* EXERCISE MATERIALS
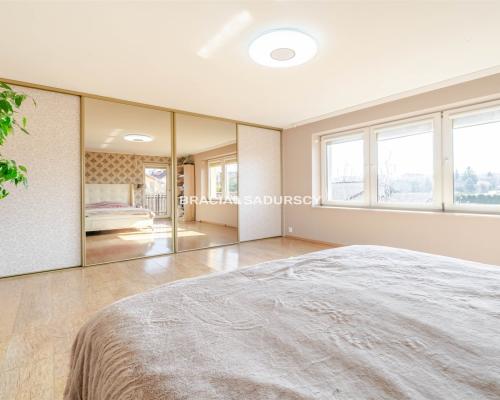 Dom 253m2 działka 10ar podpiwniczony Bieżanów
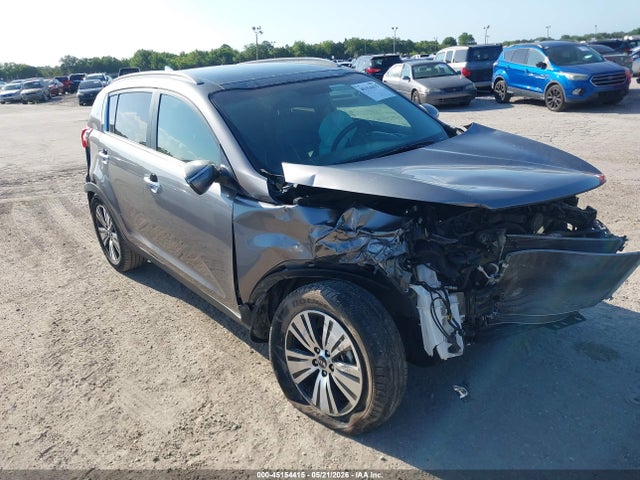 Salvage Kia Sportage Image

* * *

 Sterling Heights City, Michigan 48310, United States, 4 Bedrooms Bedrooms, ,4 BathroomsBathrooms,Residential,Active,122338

==

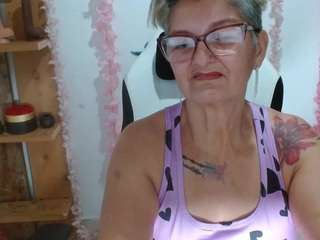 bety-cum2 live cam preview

* ABOUT THIS TASK
The lines to set down run from the line with "Dom 253m2 działka" up to and including the line with "Salvage Kia Sportage Image" in the entries above. Reproduce them exactly, with no pictures.

* PROBLEM SOLUTION
 Dom 253m2 działka 10ar podpiwniczony Bieżanów
 Salvage Kia Sportage Image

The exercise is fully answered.